Can you imagine the feeling of being the rope in a tug of war? Of being the wishbone at a Thanksgiving dinner? No matter how things turn out, you end up pulled and torn in two.

Tony Hynes as a wishbone with conflict in adoption

It was a lot for Tony.

Tony is now an educator at the Center for Adoption Support and Education (C.A.S.E.), as well as a doctoral student. In Episode 307 of Adoption: The Long View, hearTony’s story and how it felt when the people he loved and who loved him, along with the system, ended up “splitting the baby “ – in the parlance of the King Solomon story.

How NOT to split the baby 1
Ep307: How NOT to split the baby

Post Script from Tony Hynes

After our interview, Tony reached out with more he’d like to say to parents in interracial adoption:

It’s critical for interracial adoptive parents to explore their own cultural identities.

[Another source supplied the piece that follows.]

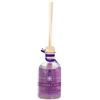UEBER Srl Zanzarzero Summer Z.Zero fragranza verbena, 100ml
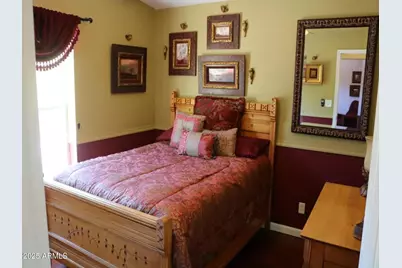 2322 E Beasley Flat Road, Camp Verde, AZ 86322 - Photo 14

When parents embrace and learn about their own cultural histories, they lessen the likelihood of their child feeling Othered as the only individual who is expected to learn and embrace their cultural/racial identities in the household.

When parents do that work it reminds their kids that it is OK for them to embrace the cultural histories tied to their parents’ identities. Doing so may increase a sense of belonging in their families and support them in any racial identity struggles they encounter as they begin to accept all of what their family culture represents.

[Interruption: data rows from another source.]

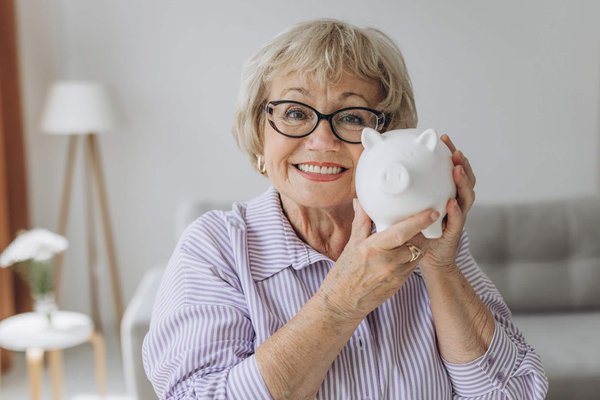 Les différents modes de gestion du PER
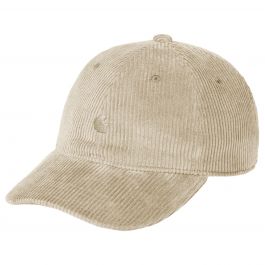 Carhartt manchester outlet cap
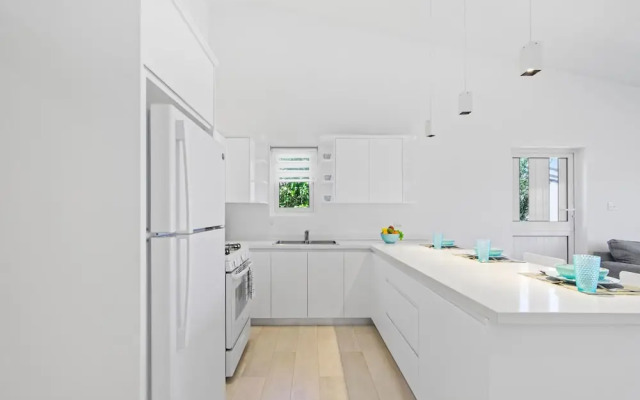 4br4ba w Private Pool Walking Distance to Ritz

Tony Hynes Educates to Reduce Conflict in Adoption

Tony Hynes was adopted by his parents, Mary and Janet, in the mid-1990s. He writes about his experiences growing up as both an interracial adoptee and in an LGBTQ-headed household in his memoir The Son With Two Moms, a text that has been cited in the family court system to highlight best practices.

Tony is an advocate for families like his, having served on the Board of Directors for organizations that highlight adoptive families from diverse upbringings. He has been invited to speak at conferences on adoption and foster care throughout the nation, and has a passion for speaking up for children and families touched by challenges in the adoption and foster care system.

It would have been really great
to be told “We love them
because they are also our family now.
We are all family to each other.”

Then I wouldn’t have to exist
in a space in between.

Tony Hynes in Ep 307 of Adoption: The Long View

Tony completed his masters thesis in Sociology on the psychology of children within same-sex-headed households, and is now completing his Ph.D. studies in Language, Literacy, and Culture at the University of Maryland Baltimore County. His dissertation focuses on social connectedness among adult, interracial adoptees.

As the Training Specialist at the Center for Adoption Support and Education, Tony Hynes has designed innovative training curricula that help families and professionals respond to evaluation and assessment tools that encapsulate holistic pictures of adoptees and foster youth.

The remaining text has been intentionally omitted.